Через неделю я вылетал в Париж.

— Ну чего сигналишь? — зло обернулся ко мне владелец заправлявшихся «Жигулей», он решил, что я тороплю его.

— Ничего, ничего, я просто задел сигнал.

Я заправился, отрулил от колонки на улицу Дмитрия Ульянова и двинулся к Ленинскому.

Март вздымал у меня под колесами легкие клубы рабочего пота, асфальты трудились, освобождаясь от рваных лохмотьев удерживающихся снегов.

«Март — мой месяц», — вдруг произнес во мне давний звонкий Зюкин голос. И едва он произнес это, Зюка пересекла улицу у перекрестка с улицей Вавилова, где я стоял у светофора. Я даже не удивился. Я знал, что случайностей не бывает, что достаточно было моей памяти окликнуть ее, как она тут же появилась.

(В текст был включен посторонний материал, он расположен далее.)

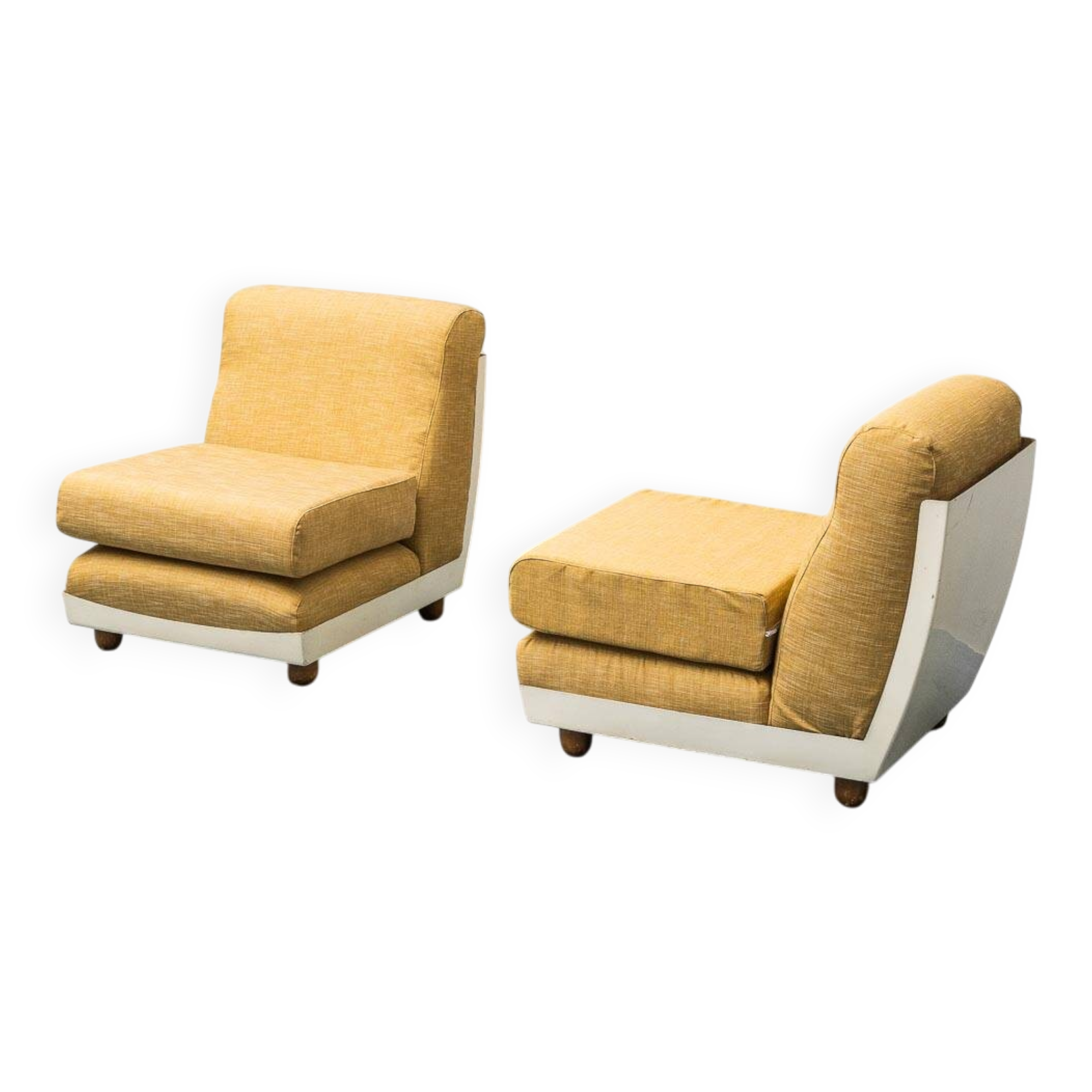 Pair of vintage yellow fabric armchairs, 1970s modernism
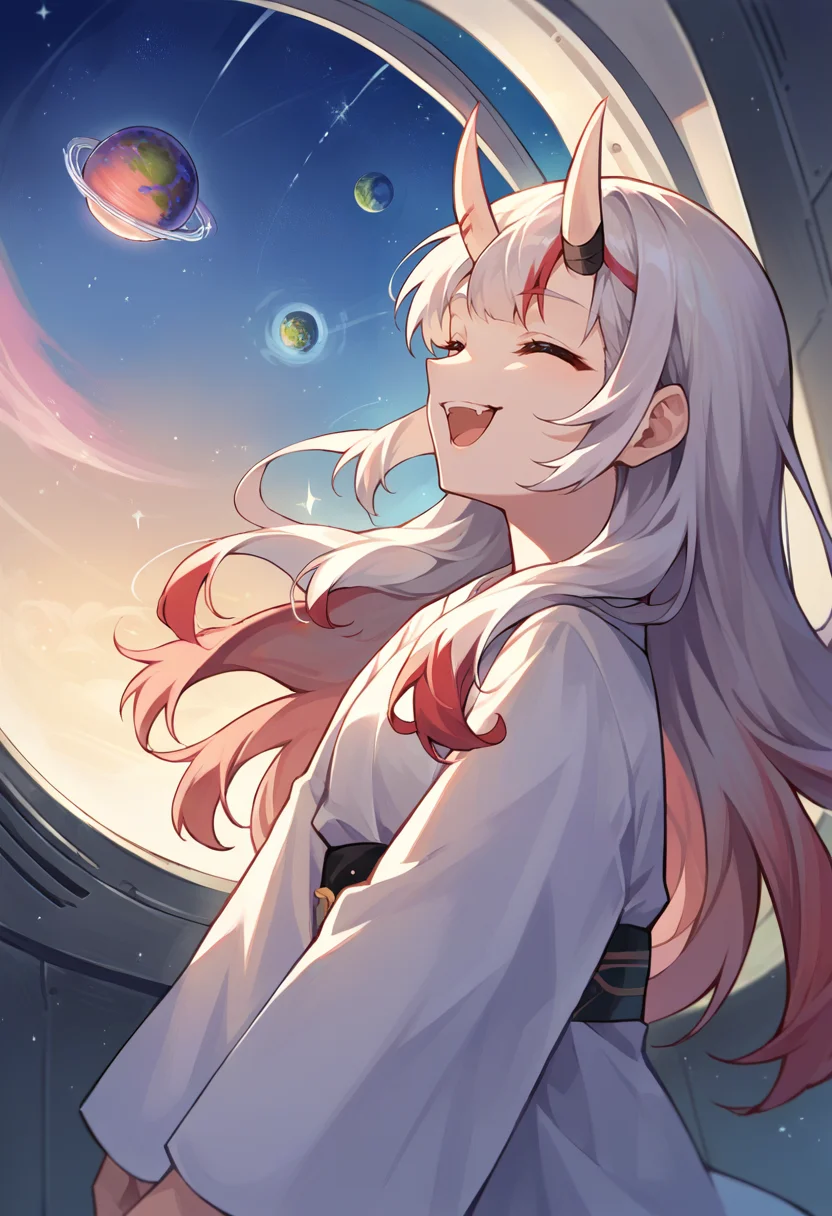 score_9, score_8_up, score_7_up, source_anime, 1girl, solo, NakiriAyame, oni horns, long hair, wide shot, smile, laughing, window, space station, planet, space, nebula, <lora:CHAR-NakiriAyamePonyXL:1>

— Зюка! — Я открыл дверцу. Зюка обернулась, и я увидел, что это Катя. Темные опознавательные волосы были спрятаны под шапочку.

Катя помахала мне и показала на угол по диагонали: «Подъезжайте туда».

— Ты откуда? — спросил я, когда она подошла к машине.

— Как откуда? Я здесь живу — вот следующий въезд по Вавилова. Вы забыли?

С ней мы тоже не виделись полгода.

— Ну, как ты? Куда двигается историческая наука? — спросил я.

— Нормально, — сказала Катя, и я вновь почувствовал непривычную для себя скованность, которую испытывал только с ней и ее матерью в те афинские дни. Я не знал о чем говорить.

— А как общие знакомые? Видишь кого-нибудь? Валеру встречаешь? Ведь он в Москве учится по-прежнему? Видишь его?

— Нет, конечно, — сказала Катя, голос ее надломился, и тут, посмотрев ей в лицо, я заметил, как изменилась она за время нашей разлуки. Не обрамленное волосами, заткнутыми под низко надвинутую вязаную шапочку, лицо было бесцветным, страдающим, даже — если это возможно в ее возрасте! — постаревшим.